Technically Exists

Free cancellation criterion

The free cancellation criterion requires that every portion of a vote must have an opposite which cancels it out while leaving the rest of the ballot free to express other preferences. Specifically, for every valid ballot and subset of the candidates there must exist at least one other ballot that represents the opposite set of preferences for those candidates, and adding these two ballots to an election must never change the result from one candidate in the subset to another. Furthermore, for every pair of candidates not in the subset, there must exist three such ballots with each one expressing a different preference between that pair of candidates.

More formally, a voting method $m$ passes the free cancellation criterion if for every ballot $b$ and subset of the candidates $C$ , all of the following hold:

There exists a ballot $b'$ such that for each candidate $c$ in $C$ , $b'(c) = k - b(c)$ for some integer constant $k$ . A ballot with this property is called an opposite to $b$ over $C$ .
For every ballot $b'$ that is an opposite to $b$ over $C$ and every list of ballots $b_1, b_2, \dots, b_n$ , if $m(b_1, b_2, \dots, b_n, b, b')$ is in $C$ , then either $m(b_1, b_2, \dots, b_n) = m(b_1, b_2, \dots, b_n, b, b')$ or $m(b_1, b_2, \dots, b_n)$ is not in $C$ .
For every unordered pair of candidates $c_1, c_2$ not in $C$ , there must exist three ballots $b'_1, b'_2, b'_3$ that are opposites to $b$ over $C$ such that $b'_1(c_1) < b'_1(c_2)$ , $b'_2(c_1) > b'_2(c_2)$ , and $b'_3(c_1) = b'_3(c_2)$ .
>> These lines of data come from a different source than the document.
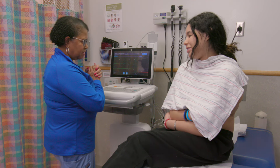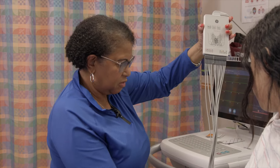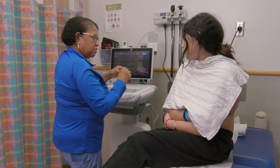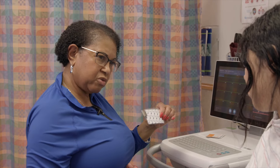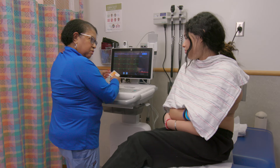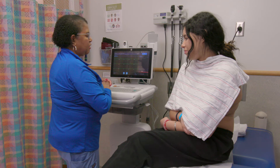It does not hurt. So we put stickers on your chest, and then we put the electrodes, which are the stickers, to the wires. I just need to prep your skin first with a little bit of alcohol, and then we put the stickers on. Comfortable with that? Okay, wonderful.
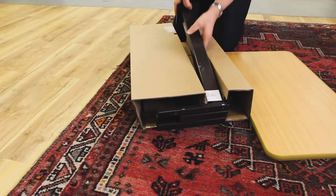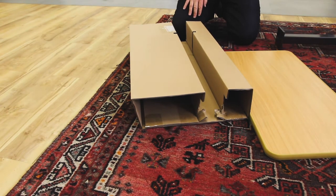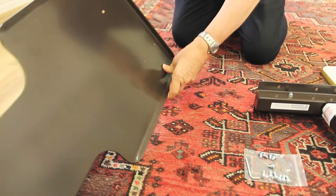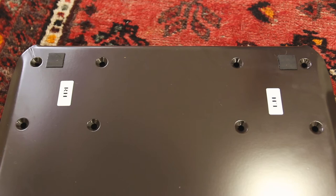Before setting up the table you need to decide which side of your chair you want the tabletop to overhang. Underneath the base plate, two markers let you know where to attach the column depending on whether you want the table on the left or right hand side.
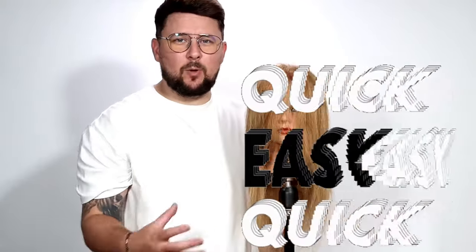Hey everyone, welcome back to the channel, for everyone who's been here. So on today's video what I'm going to be doing is I'm going to be showing you a really quick and easy way to curl your hair.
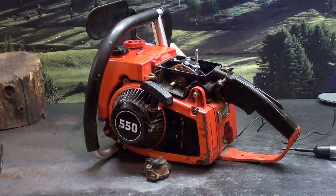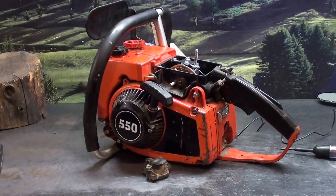Hey everyone, welcome to Shop Talk. We're looking at a Homelite 550 home light chainsaw, and I get questioned quite a bit on how to test the ignitions on these 550s. The 550, 360, 350, 450, 750, 650 — all those Homelite models use the same ignition system, and I'll show you a quick and easy way to test them.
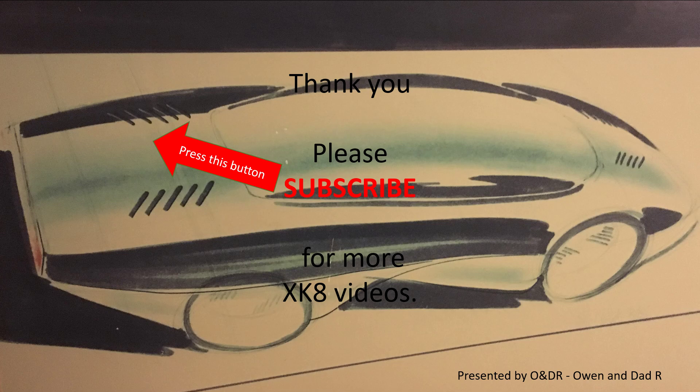Hopefully you enjoyed that very short video. Please like, share, comment and subscribe if you'd like to see more XK videos.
Note that this definition assumes that $m$ passes the anonymity criterion.

This criterion is intended to be a strengthened version of the partial cancellation criterion. While the partial cancellation criterion is passed by voting methods like negative voting and Borda count that aren’t fully expressive, the free cancellation criterion requires voting methods that pass it to allow the free expression of preferences among candidates not in the cancelling subset.

The free cancellation criterion implies the partial cancellation criterion, the opposite cancellation criterion, and the cancellation criterion.